## SOURCE MATERIAL:
• • • • • • •

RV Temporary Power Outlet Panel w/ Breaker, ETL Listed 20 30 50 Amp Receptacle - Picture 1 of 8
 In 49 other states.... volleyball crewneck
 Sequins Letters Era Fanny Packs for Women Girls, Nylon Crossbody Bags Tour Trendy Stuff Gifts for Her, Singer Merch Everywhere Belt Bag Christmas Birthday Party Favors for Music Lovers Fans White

• • • • • • •

## TASK BRIEF:
Repeat, without changes, every line from the one that contains "In 49 other states.... volleyball crewneck" through the final line of the data.

## EXERCISE RESPONSE:
 In 49 other states.... volleyball crewneck
 Sequins Letters Era Fanny Packs for Women Girls, Nylon Crossbody Bags Tour Trendy Stuff Gifts for Her, Singer Merch Everywhere Belt Bag Christmas Birthday Party Favors for Music Lovers Fans White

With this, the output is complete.